> **EXERCISE**:
Leaving the pictures aside, repeat each line below exactly.

> **INPUT FOR THIS TASK**:

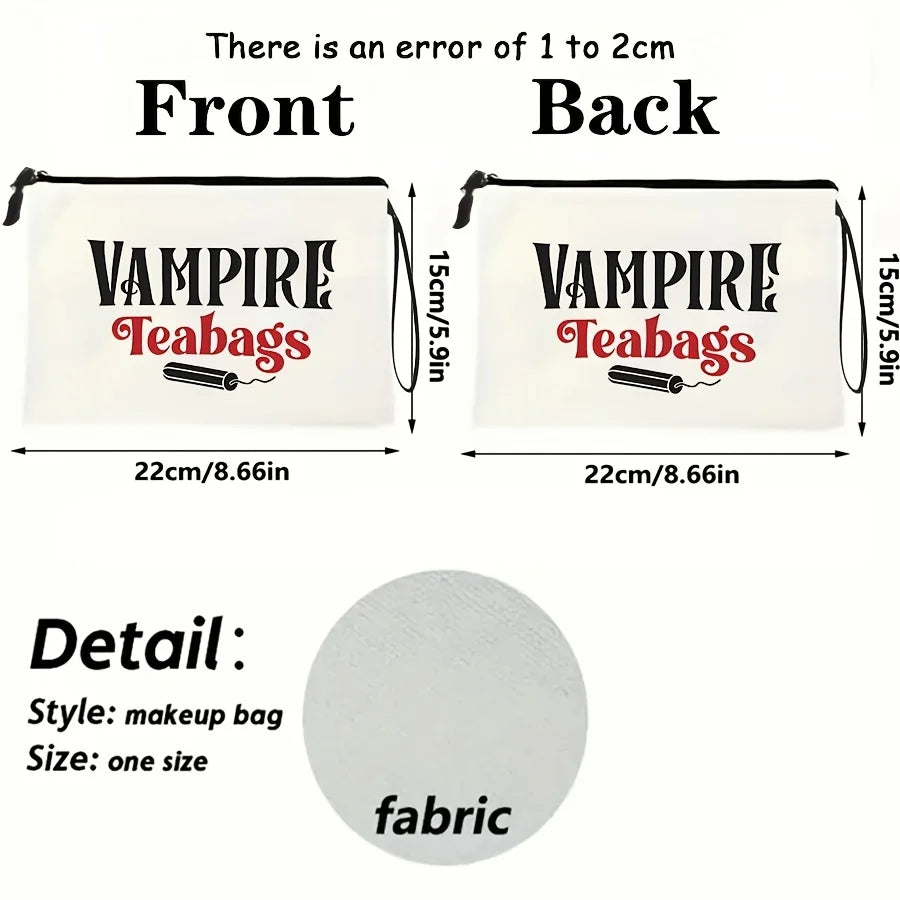 VAMPIRE Teabags Themed Toiletry Bag Menstrual Period Pouch Fashionable Portable Travel Organizer Creative Wristlet Makeup Bags
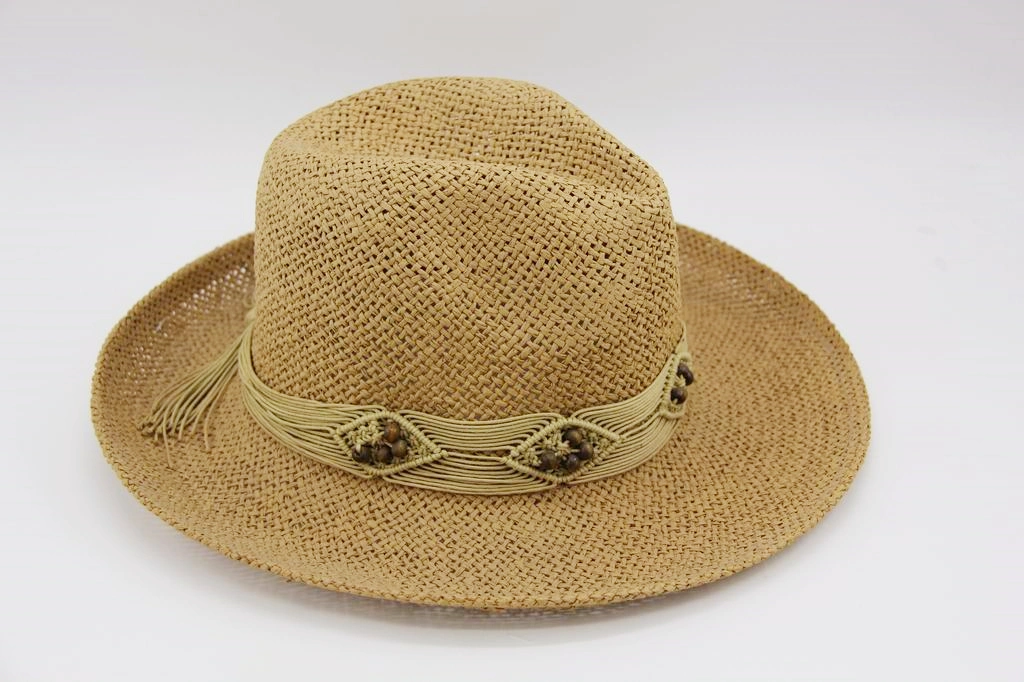 Paper Adult Lady Summer Straw Hat with Knitting Decoration Belt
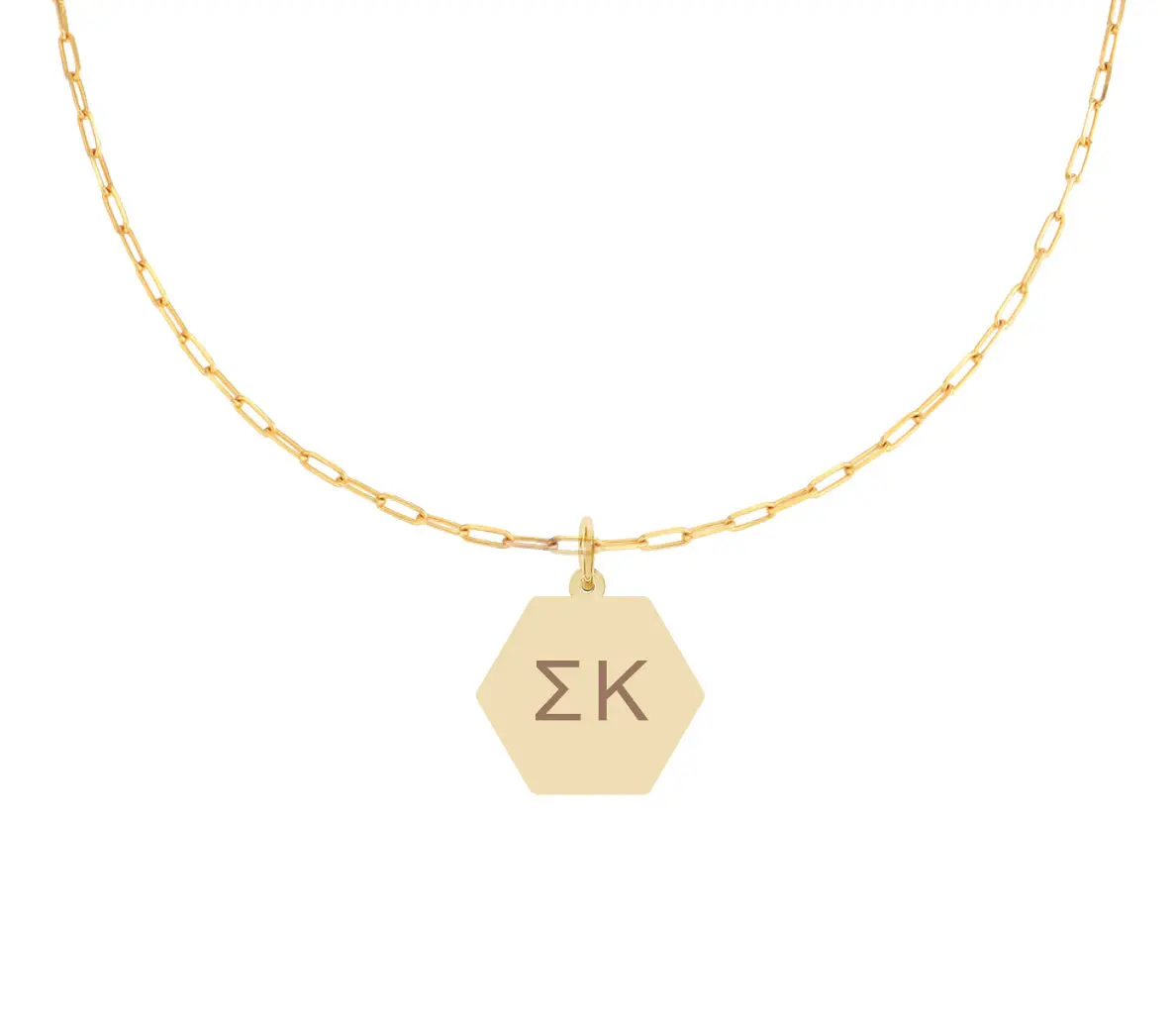 Sigma Kappa Paperclip Necklace With Pendant 1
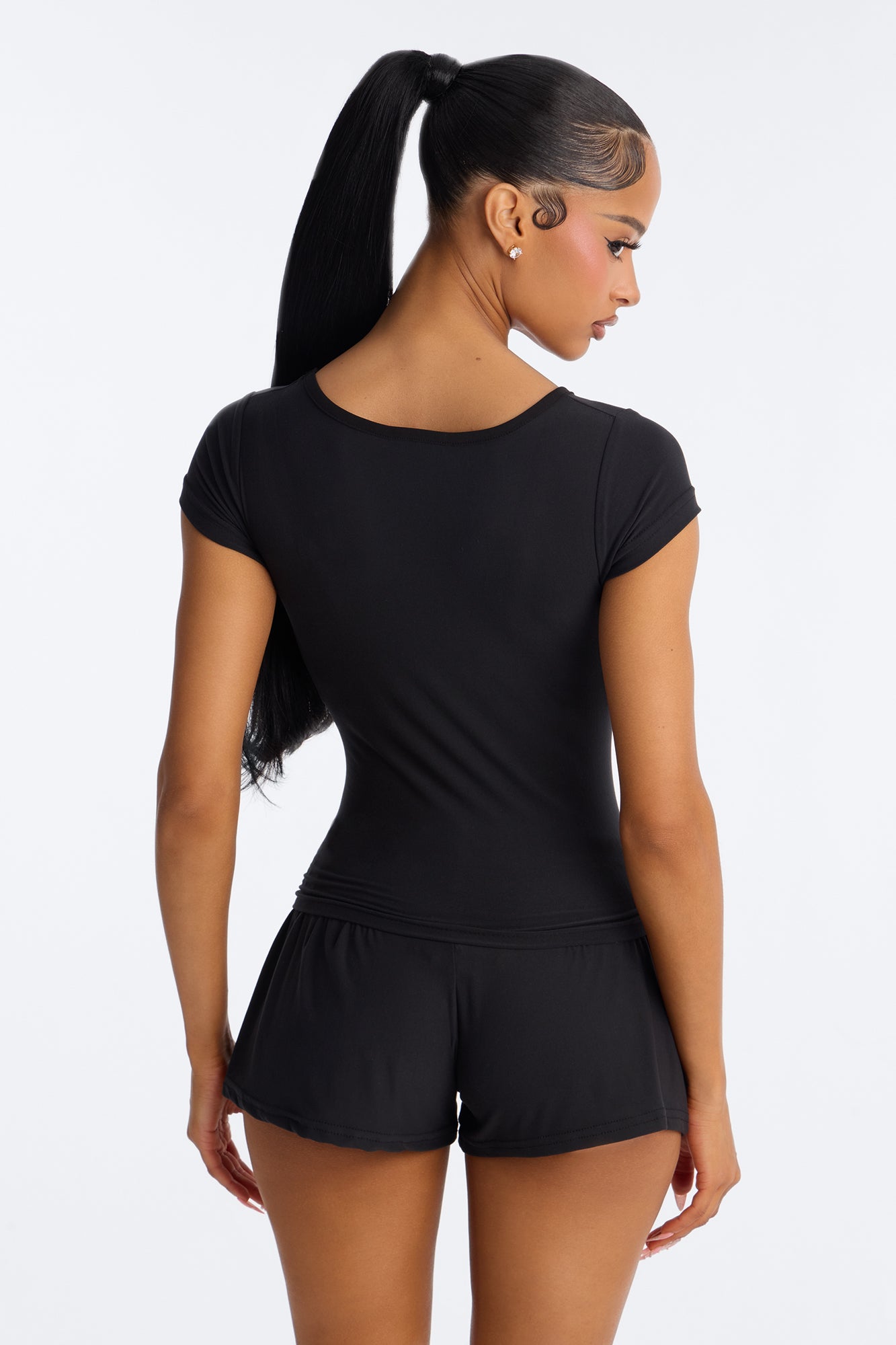 Gods Plan Not Mine PJ Short Set - Black image 6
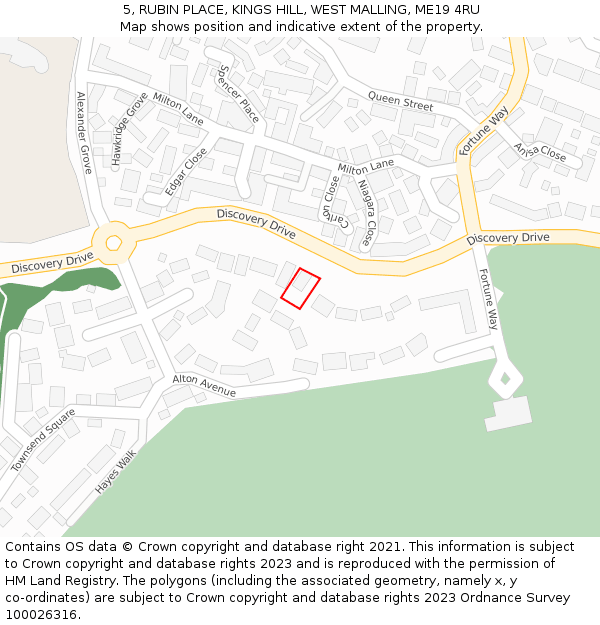 5, RUBIN PLACE, KINGS HILL, WEST MALLING, ME19 4RU: Location map and indicative extent of plot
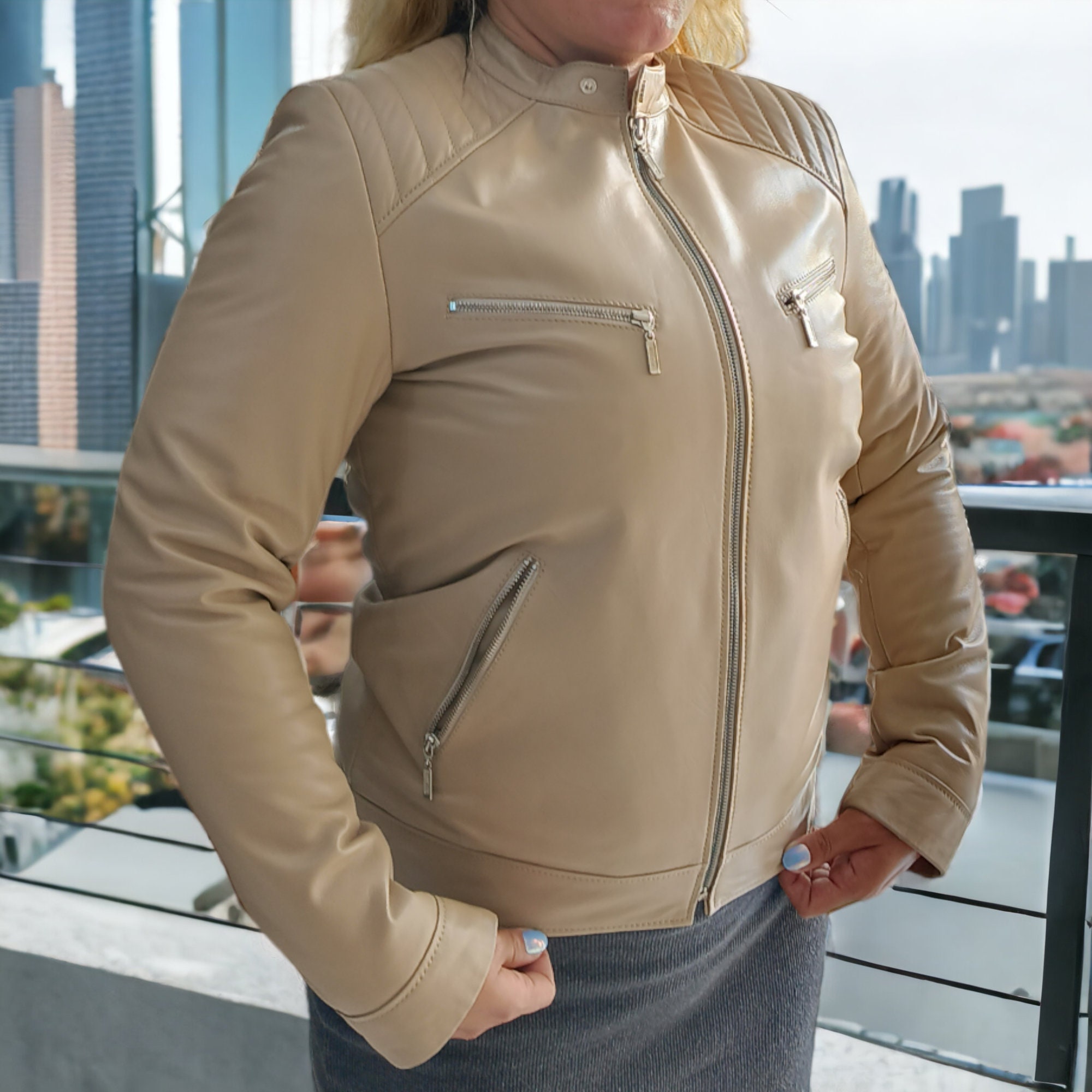 Cream colour leather outlet jacket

> **ANSWER TO THE EXERCISE**:
 VAMPIRE Teabags Themed Toiletry Bag Menstrual Period Pouch Fashionable Portable Travel Organizer Creative Wristlet Makeup Bags
 Paper Adult Lady Summer Straw Hat with Knitting Decoration Belt
 Sigma Kappa Paperclip Necklace With Pendant 1
 Gods Plan Not Mine PJ Short Set - Black image 6
 5, RUBIN PLACE, KINGS HILL, WEST MALLING, ME19 4RU: Location map and indicative extent of plot
 Cream colour leather outlet jacket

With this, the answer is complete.